The application profiles incorporate the above information. They also calculate waiting times, the maximum execution times, periodicity and finishing times in order to improve the application assignment efficiency. The waiting time \(t_\mathrm{w}(i)\) is counted from the time instant \(t_\mathrm{s}(i)\) when the application arrives till the time instant at which the application is allocated. Once the application is placed on a VM with allocated resources, it executes for a maximum execution time of \(\max t_\mathrm{e}(i)\) for \(i\in I\). The maximum execution time can be calculated by:

$$\begin{aligned} \max _{i\in I} t_\mathrm{e}(i) = t_\mathrm{d}(i) - t_\mathrm{s}(i),\quad i\in I \end{aligned}$$
(2)

The length of the application \(A_i, i \in I\), is represented by instruction count IC(i), which is the number of instructions that need for \(A_i\) to execute successfully and is measured in million instructions. Periodicity is set to 1 if the application is regular to the data center or 0 if it is not periodic. The application releases the VM resources and exits the VM on execution completion.
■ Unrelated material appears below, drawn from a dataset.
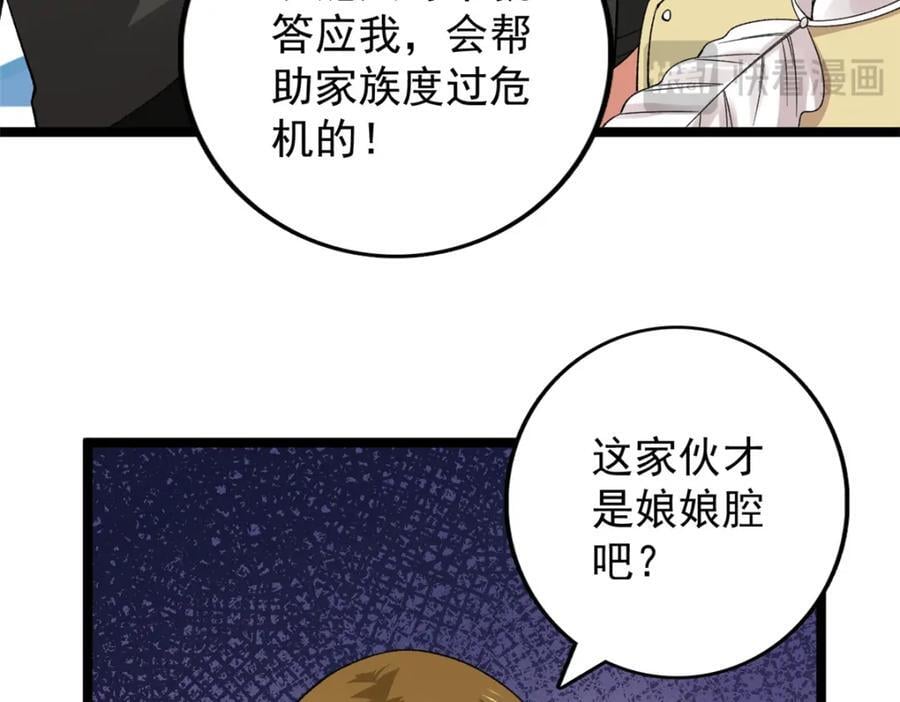 232 戮心奥义31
The finishing time of the application \(A_i, i \in I\), can be estimated using the application profiles before the allocation for satisfaction of the deadline constraints.

$$\begin{aligned} \text {Estimated } t_\mathrm{f}(i) = t_\mathrm{s}(i) +\frac{IC(i)}{\hbox {MIPS}(j) \cdot N_r(i)} \end{aligned}$$
(3)

Equation (3) is calculated for the requested number of cores (\(N_r(i)\)) to be fully utilized throughout the application runtime. In the event that the cores are not fully utilized or are shared with other applications, the estimated finishing time would be longer or shorted than the actual finishing time. However, with such an estimation, the application could be better assigned than the case without any information about the finishing time. Deviations of the estimation from the actual value could be handled dynamically through our dynamic assignment process.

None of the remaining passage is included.